Colin Harvey brilliant player for Everton. George Best
was his favourite player, he knew a star footballer.
Peter Mills
30 Posted 12/01/2020 at 20:43:26
Moving very slowly away from the FA Cup final on the coach in 1966, one of the senior men jumped off the bus and picked up a toy white rabbit that was sitting on a garden wall.

With reference to the famous Jimmy Stewart film about a giant white rabbit, and to one of the heroes of that day, the toy was instantly christened Harvey, and became a mascot on away days for a number of years afterwards.

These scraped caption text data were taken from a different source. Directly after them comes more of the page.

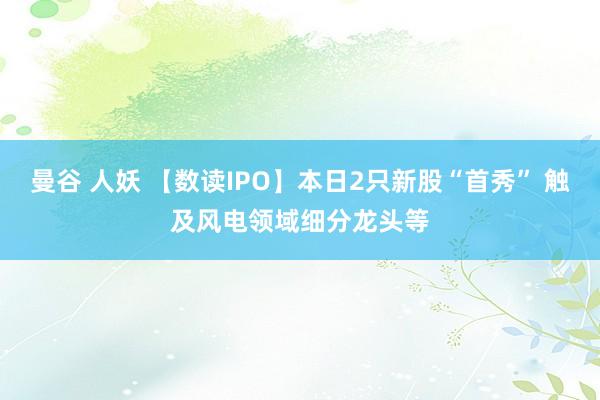 曼谷 人妖 【数读IPO】本日2只新股“首秀” 触及风电领域细分龙头等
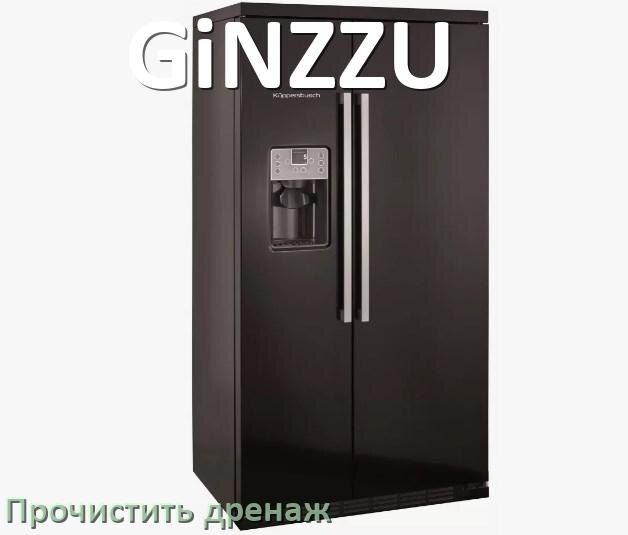        GiNZZU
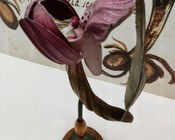 Modello di Giglio caprino, Orchis morio L.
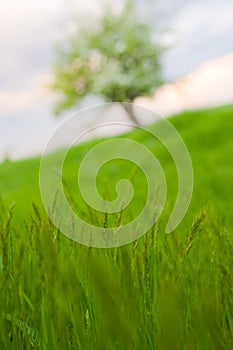 Alone tree on field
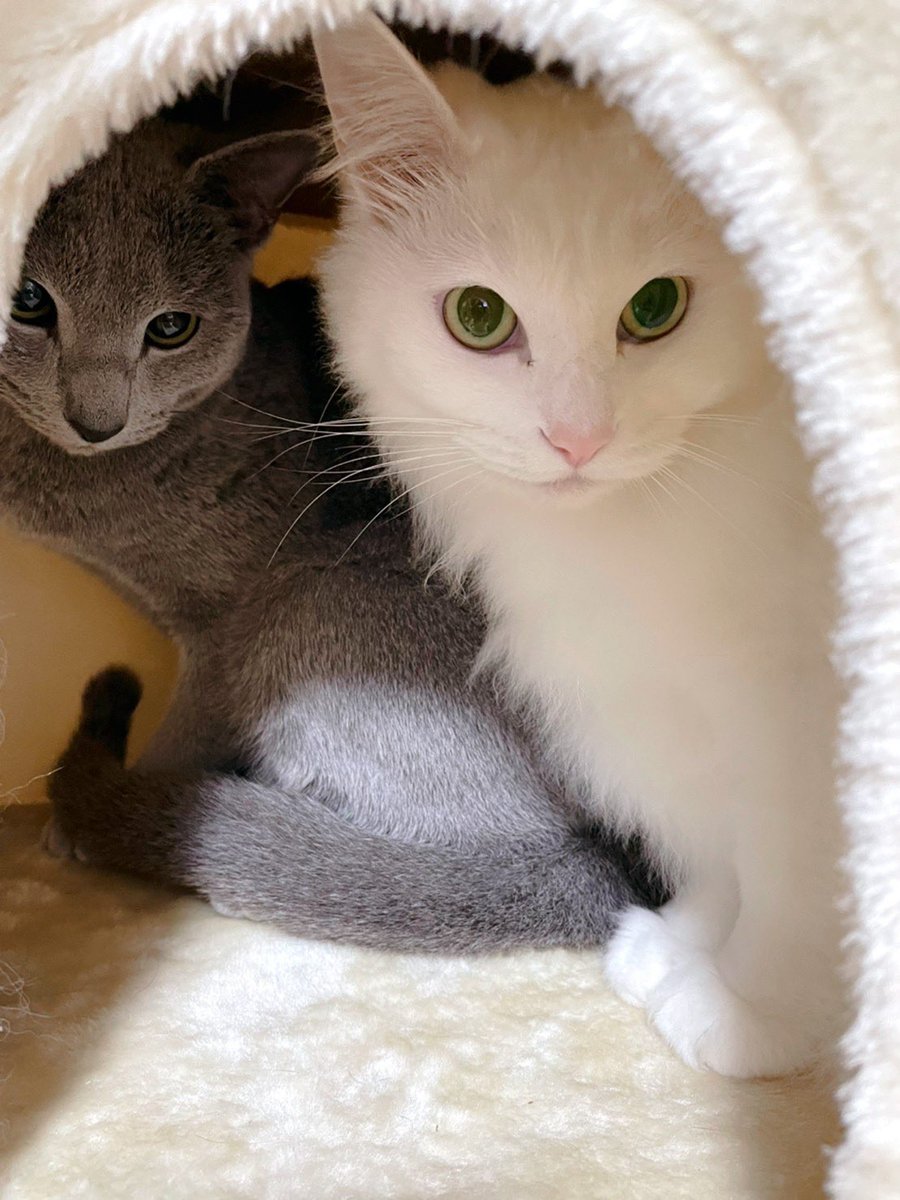 Takumin_vet's tweet photo. 我が家の愛猫😸
お腹の弱いライムも好き嫌いの多いミントも2人とも大好きなフード🍴
普段は消化ケアのドライ、お腹壊して食欲落ちた時はウェットの腸内バイオームを使っています。
フード変えてからお薬要らずです😸
@HillsVets 
@HillsPetJapan 
#アクティブバイオームプラス
#Hillsフード https://t.co/F5wCqv0kfB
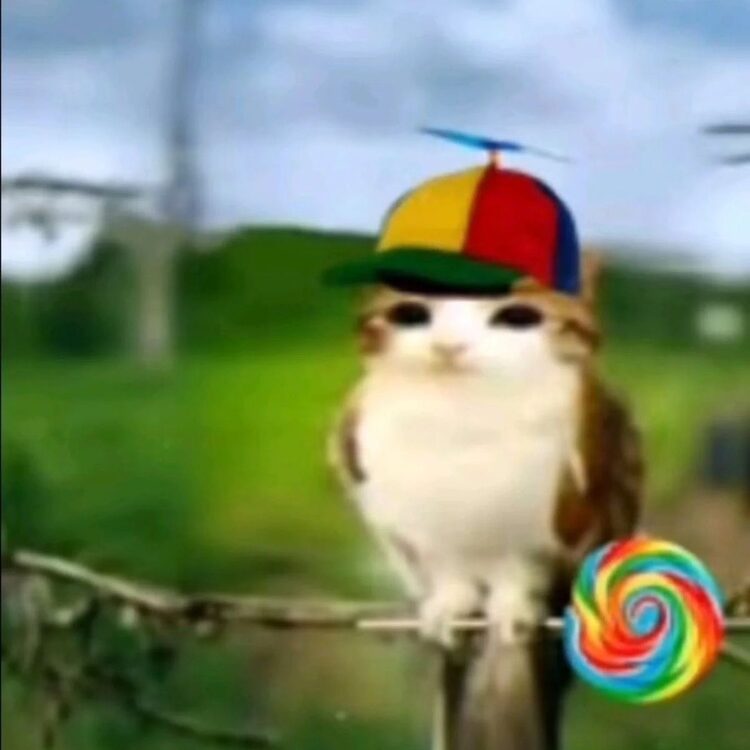 Foto de perfil de Jake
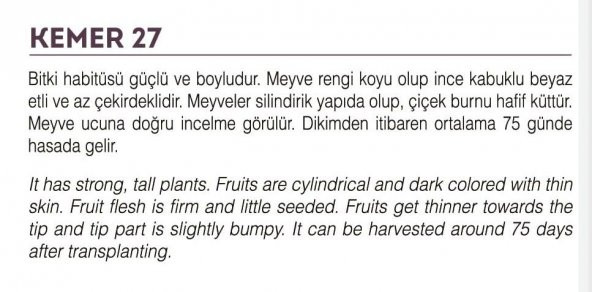 ATA TOHUMU YÖRESEL KEMER PATLICAN TOHUMU 100 ADET TOHUM - 2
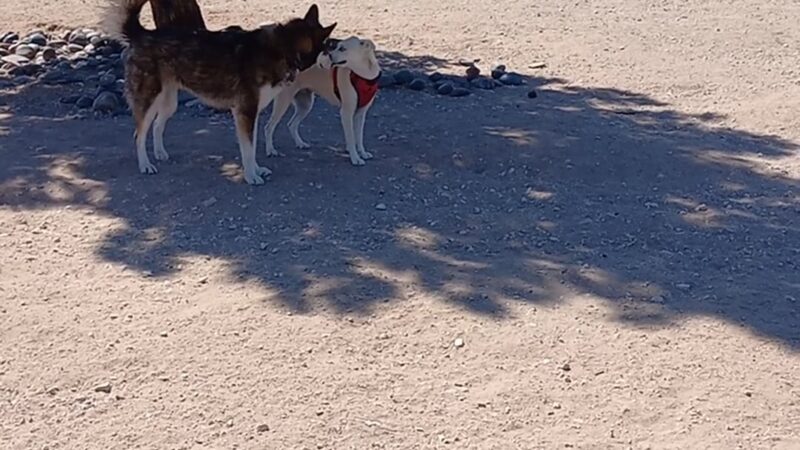 Tierra Buena Dog Park - El Paso, TX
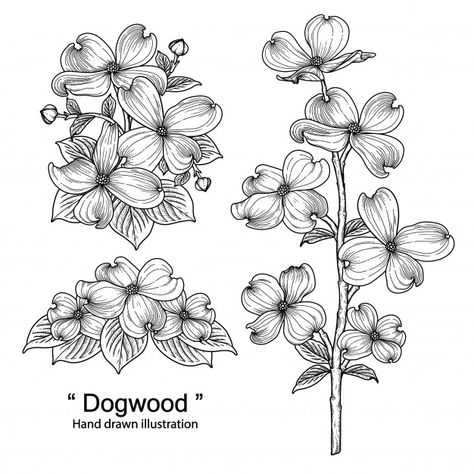 Dogwood Flower Tattoos, Black Line Art, Dogwood Branches, Embroidery Tattoo, Branch Vector, Dogwood Flower, Pink Dogwood, Flower Drawings, Decorative Set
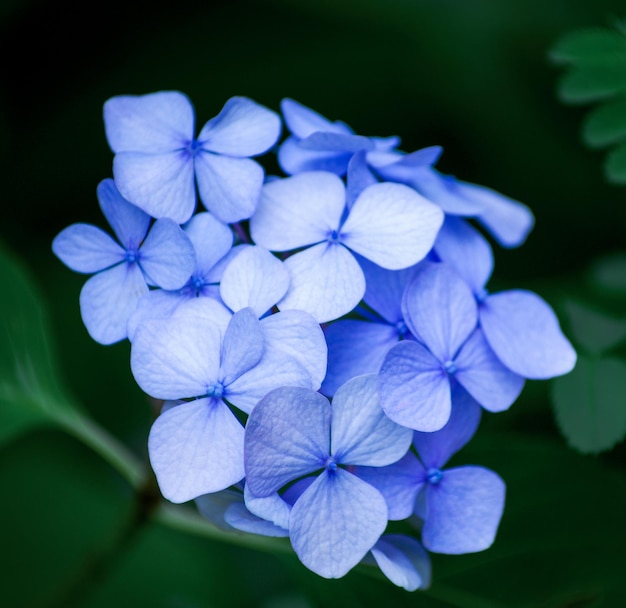 Fleurs d'hortensia bleu bouchent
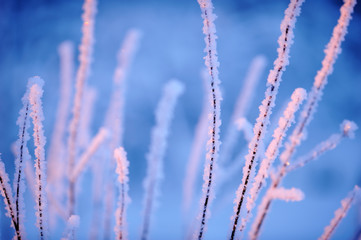 Snow and frost covered bush branches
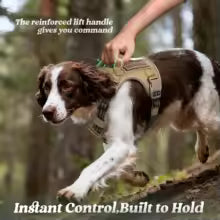 Tactical No-Pull Dog Harness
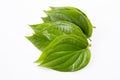 Green betel leaves, Fresh piper betle on white Royalty Free Stock Photo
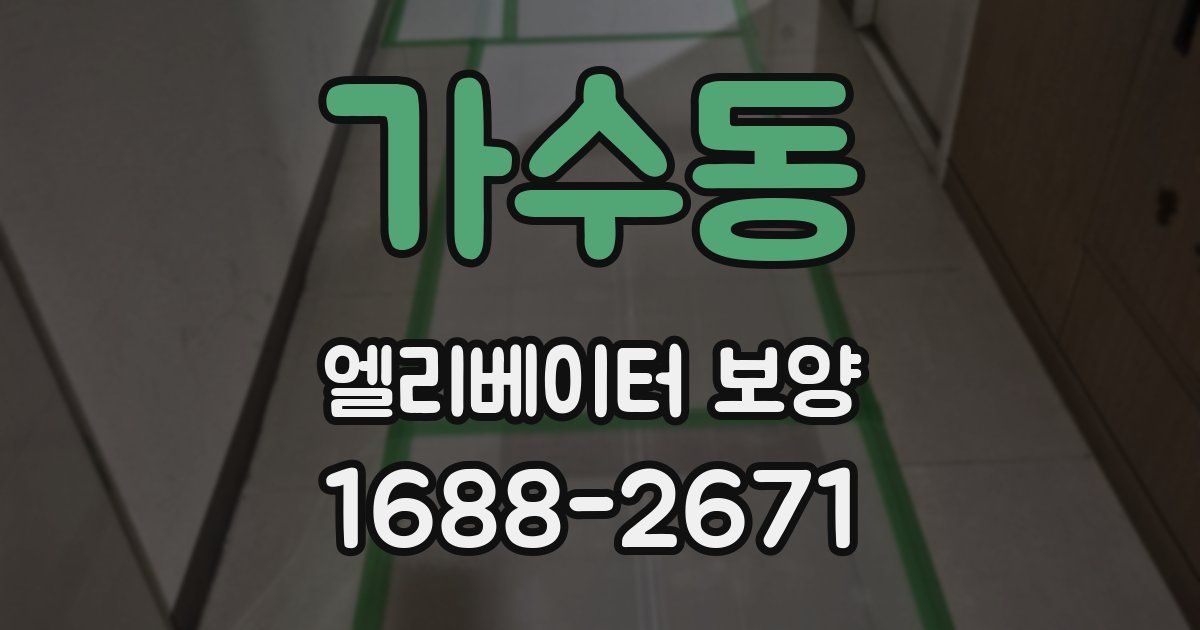 가수동 엘리베이터 보양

This small piece of Everton history may still be lying hidden away in a Crosby attic somewhere.

Mike Doyle
31 Posted 12/01/2020 at 21:03:28
Tony 27] slightly off topic, but I played for the Sunday League side that Mike Lyons ran. His training sessions were all skill-based - and quite different from long-ball approach that people often associate Mike with. And no bad language allowed - he wouldn’t tolerate it.
Anthony Dove
32 Posted 13/01/2020 at 18:56:11
Only just seen this item, but however late just wanted to say he is the greatest Evertonian, for all sorts of reasons.
Rob Halligan
33 Posted 13/01/2020 at 23:49:23
Like Anthony 32, I've only just read this. A fantastic, but also very sad read re: the death of Colin and Maureens eldest daughter, which I was unaware of. Regarding Alan's post @ 25, I don't know if he refers to where Colin lived when he lived in Gateacre, but the Harveys moved into a house in Cherry Vale, just off Halewood road on the outskirts of Gateacre village. I remember we would go and knock on his door asking for autographs, which he was always more than willing to do. Jimmy Husband, who lived nearby, I think it was Vale road in Woolton (or somewhere just off), and again Jimmy was always willing to sign autographs. I think we also went to Jimmy Husband's house just to look at his E Type jaguar!!
Alan J Thompson
34 Posted 14/01/2020 at 04:44:01
Rob(#33); May be my memory playing up but yes, the street opposite (across Halewood Road) from the old Gateacre Hall Hotel. As for Vale Road, would that be the old cottages that used to be part of Strawberry Fields and, I think, Henry Newton also may have lived in. Used to see Jimmy Husband in, of all places, the Coffee House in Woolton Village although I don't know what I was doing in there.
Bill Griffiths
35 Posted 15/01/2020 at 19:18:22
This is my favourite article ever and I've got tears in my eyes having read it.

For me personally, Colin Harvey is the best footballer I have ever seen in an Everton shirt, even shading Bally, "The White Pele" being a fitting description.

I think he's right up there with Dixie as one of the greatest Evertonians ever.

Graham Hammond
36 Posted 20/01/2020 at 16:36:12
Colin Harvey should have had a stand at Goodison named after him. Bollocks to the 'Sir Phillip Carter Stand'.
Gerry Morrison
37 Posted 22/01/2020 at 18:12:12
What a great read about a great Evertonian.
When I was at St. James', we won the cup in 1970 and Colin Harvey came to the school to present us with our medals. He stuck around afterwards and had jellies and fairy cakes with us; it was an unforgettable day.
After reading a couple of earlier excerpts from Becky's book, I couldn't wait for the rest, so I found a copy on ebay. It only cost a couple of quid and every chapter is as good as this one.